It's sweet, but if I could make someone else happy with it I would be able to part with it.  At some point I think my wife is going to kill me over the space I'm taking up with all these finished pens, and the talk of what I want to make next, ha ha ha.


----------



## btboone (Feb 4, 2011)

Wow!  Very classy.


----------



## wiset1 (Feb 4, 2011)

Thanks Bruce, I try to add that wow factor when ever I can ;-)


----------



## David Keller (Feb 4, 2011)

This is one of the nicer pens I recall seeing!  It's a lovely blank, but the finish and photography are just as impressive.  Well done!


----------



## simomatra (Feb 4, 2011)

That's is a real beauty, i have just finished one of Jeff's blanks but that one is real cool


----------



## jasontg99 (Feb 5, 2011)

Now that is a gorgeous pen.  I love the colors.


----------



## wiset1 (Feb 5, 2011)

I really want to thank everyone for the feedback!  I drove me to make the other pen I just posted. "*Casein, Blackwood, Buckeye, Redwood...MIX* "


----------



## diver123 (Feb 12, 2011)

Great looking pen. My questions is which blank of Jeffs is it?? Flame? Special order?? Because whichever one it is I WANT! Thank you for contributing to my cash out flow.


----------



## Robert Sherlock (Feb 12, 2011)

A trully one of a kind pen.


----------



## mtrobee (Feb 13, 2011)

Incredible work! You have my "WOW!"


----------



## wiset1 (Feb 13, 2011)

diver123 said:


> Great looking pen. My questions is which blank of Jeffs is it?? Flame? Special order?? Because whichever one it is I WANT! Thank you for contributing to my cash out flow.


 
I couldn't recall the order details of this blank so I went back to the site (Exotics) to find the answer for you and this blank is no longer there.  If you send Jeff a PM he may be able to answer it for you.  I just remember it had Silver running across the blank...the silver looked like chrome streaks in it.

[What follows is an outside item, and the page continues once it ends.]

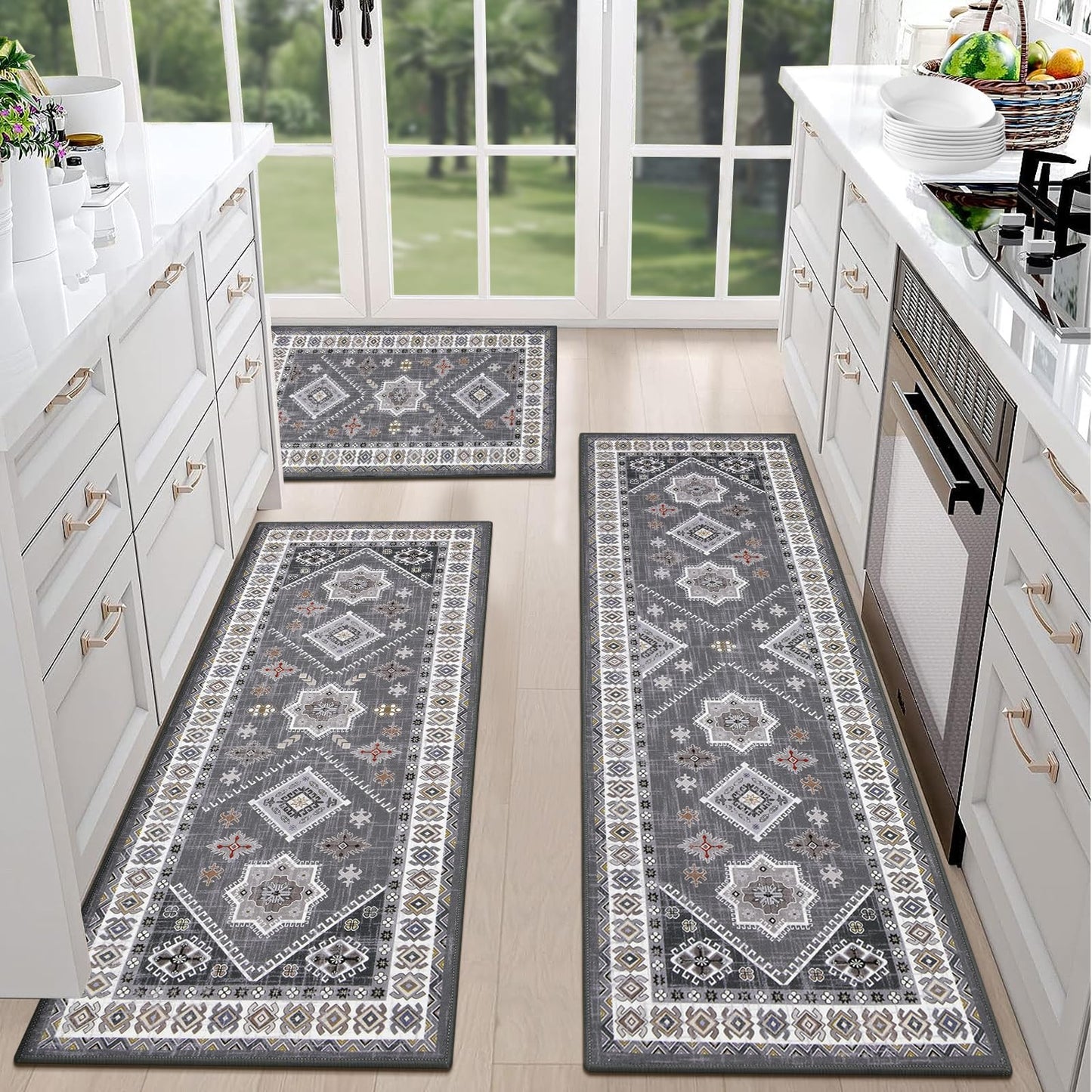 HEBE Farmhouse Kitchen Rugs Sets of 3 Non Slip Washable Boho Kitchen Rugs and Mats for Floor Kitchen Runner Rug Floor Carpet for Kitchen, Laundry, Hallways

Jeff...want to chime in here?

Thank you


----------



## workinforwood (Feb 13, 2011)

diver123 said:


> Great looking pen. My questions is which blank of Jeffs is it?? Flame? Special order?? Because whichever one it is I WANT! Thank you for contributing to my cash out flow.



those colors are gold and silver. I do not see any of those in stock with that color.


----------



## Papo (Feb 13, 2011)

Hey Tim that one would be a sure winner in the Beginners beautiful Pen Contest.Why don't you enter it?


----------



## wiset1 (Feb 13, 2011)

Papo said:


> Hey Tim that one would be a sure winner in the Beginners beautiful Pen Contest.Why don't you enter it?


 
The rules say "No Capped" pens so that counts out ALL of the pens I make.  Have to follow the rules:biggrin:  It's all in fun and I'm having a great time just turning and showing.

Thanks though


----------



## knight_muzzleloader (Feb 13, 2011)

Fantastic!  One of the nicest pens I have ever seen!  Jim


----------



## seamus7227 (Feb 13, 2011)

Fantastic Job by both of you!! that's got to be the coolest looking pine cone blank I have seen yet! Wow!


----------



## wiset1 (Feb 13, 2011)

Thanks again everyone for round two!  ;-)


----------